# SUPPLIED INFORMATION
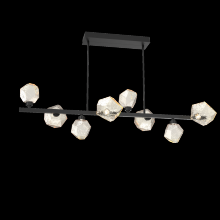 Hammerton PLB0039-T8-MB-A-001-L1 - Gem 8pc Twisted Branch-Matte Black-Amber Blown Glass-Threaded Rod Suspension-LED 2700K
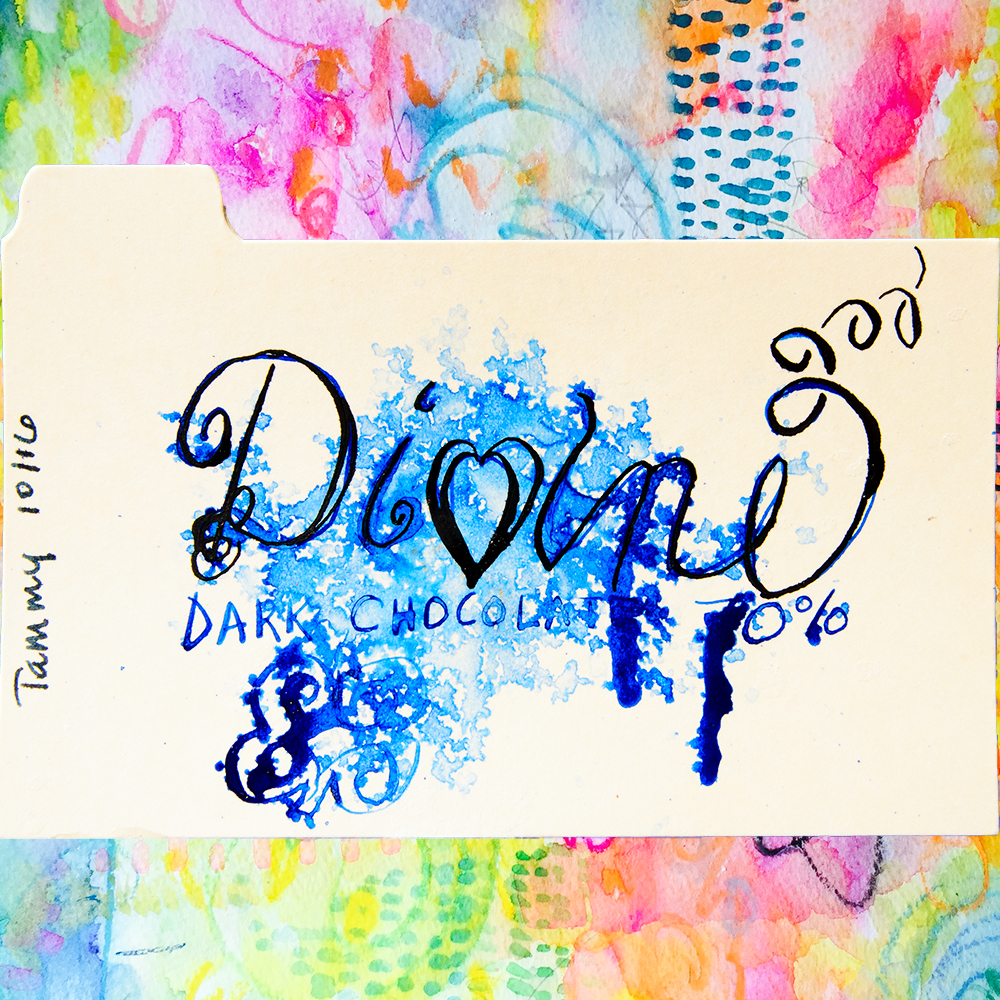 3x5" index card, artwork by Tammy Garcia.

...

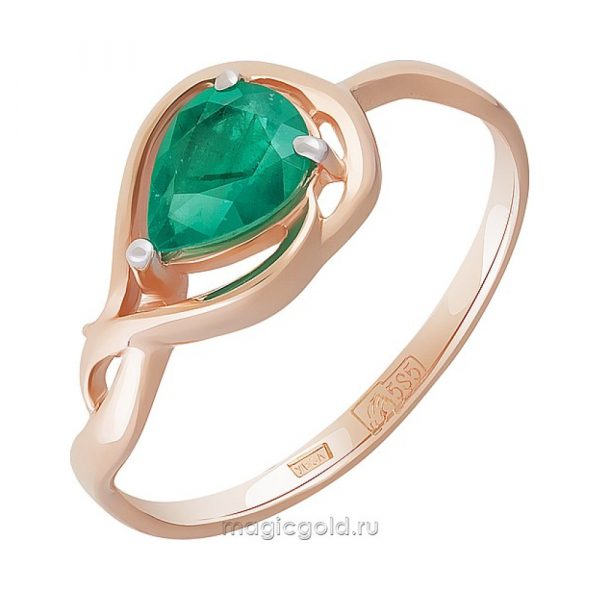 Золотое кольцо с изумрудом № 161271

# WORK ITEM
An exact copy is needed of the stretch above that opens with the line containing "Hammerton PLB0039-T8-MB-A-001-L1 - Gem" and closes with the line containing "by Tammy Garcia."; the pictures are not part of it.

# RESPONSE TO THIS TASK
 Hammerton PLB0039-T8-MB-A-001-L1 - Gem 8pc Twisted Branch-Matte Black-Amber Blown Glass-Threaded Rod Suspension-LED 2700K
 3x5" index card, artwork by Tammy Garcia.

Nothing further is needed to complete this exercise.